When I found out that the home page of our site was 1.8MB, I was shocked. Literally. Even with zero images (which generally occupy more than 50% of the total page size), our page was so big. How was it possible? After digging a bit, I found out that fonts were taking 1.6MB! Yes, no one would believe that! Who uses web fonts that take around 90% of the page size? I thought that some fonts which weren’t even required were being loaded. That was the best guess I did then.
So I moved forward with my guess until I found out that I was wrong. CSS is also optimized in the core, so it only loads the fonts which are being used at least in one place. Digging up more, from the Chrome inspector, I found that each font was occupying almost 200KB (there were about 4-5 like this) and one special font with 450KB. Found the culprits!
Researching more, I found that we were mostly using OTF and TTF font types. WOFF types are generally smaller and use ZLIB compression. Moving to the code, I found the following snippet:
@font-face { font-family: 'Roboto-Regular'; src: url('fonts/Roboto-Regular.eot?#iefix') format('embedded-opentype'), url('fonts/Roboto-Regular.ttf') format('truetype'), url('fonts/Roboto-Regular.otf') format('opentype'), url('fonts/Roboto-Regular.woff') format('woff'); }
See, the browser reads the code from the first URL. Whatever format the browser finds supportable, it’ll pick that up and won’t process any further.

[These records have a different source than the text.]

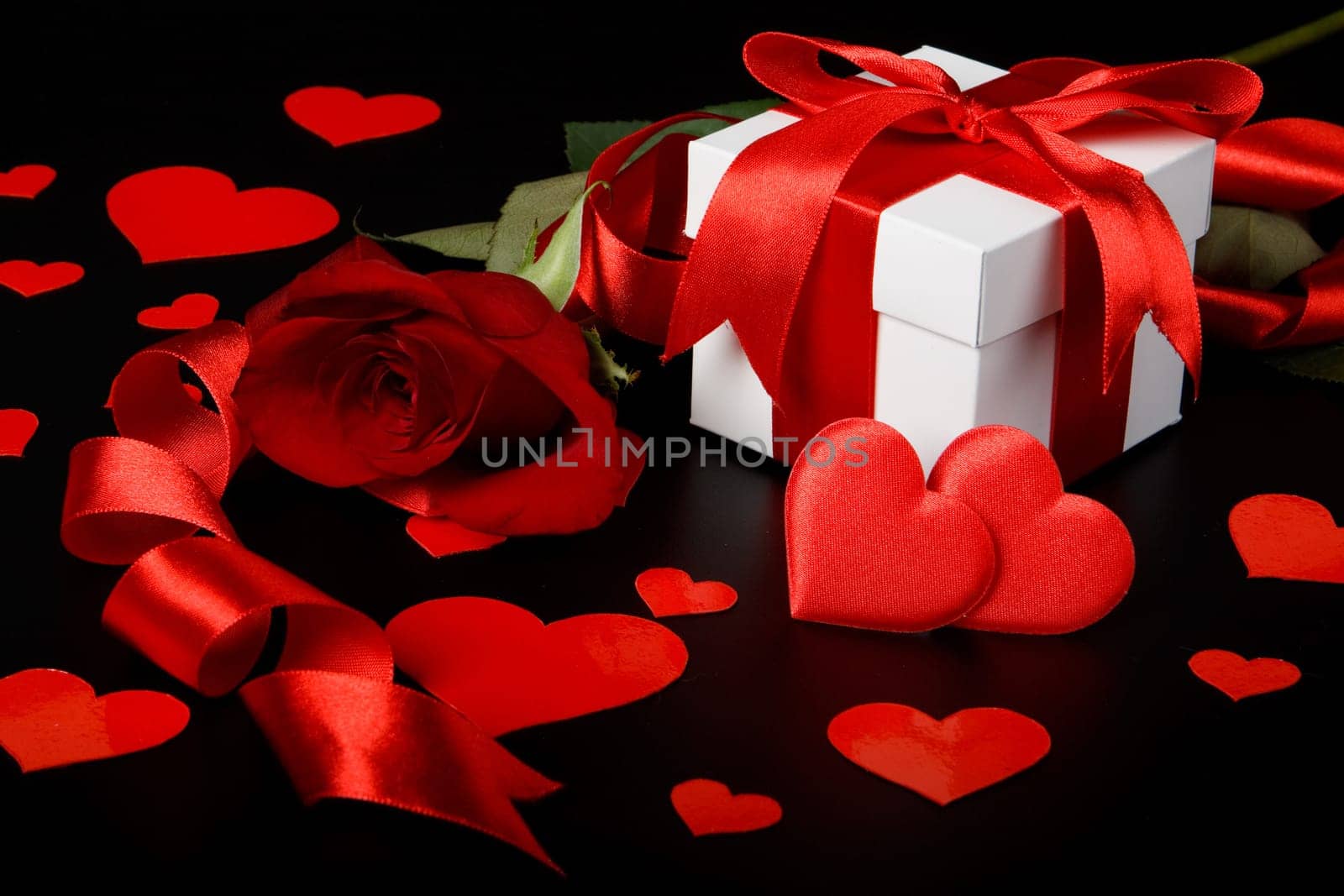 Gift box, red hearts and rose on a black background. Valentine&#039 s day card.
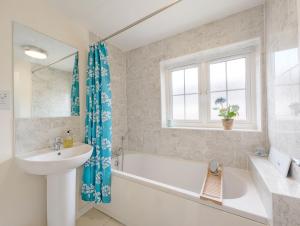 a bathroom with a tub and a sink and a toilet at Oysters in West Wittering +18 photos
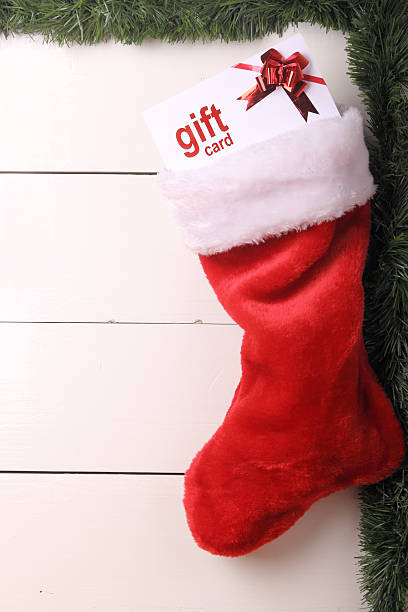 Christmas stocking with gift card inside stock photo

And none of the browsers were going beyond OpenType. So, I did some line rearrangements and the new code was:
@font-face { font-family: 'Roboto-Regular'; src: url('fonts/Roboto-Regular.woff') format('woff'), url('fonts/Roboto-Regular.eot?#iefix') format('embedded-opentype'), url('fonts/Roboto-Regular.ttf') format('truetype'), url('fonts/Roboto-Regular.otf') format('opentype'); }
What did I do? Just made sure whichever browsers support WOFF, they pick that up and don’t move further. The browser not supporting the first three will pick up the fourth. And chances are rare that people use those crappy browsers.
Similar changes in a few more font definitions and the page size reduced to 400KB. The page loads instantaneously now adding direct value as visitors over a slower network are now more likely to stay and read about us.
Yes, it’s not done yet. 400Kb is still too large for a page with no images. See that Requests box there? 38 requests? What the @#%$! Definitely, need to reduce that. It’ll also help reduce the load time (3.37s is far from ideal).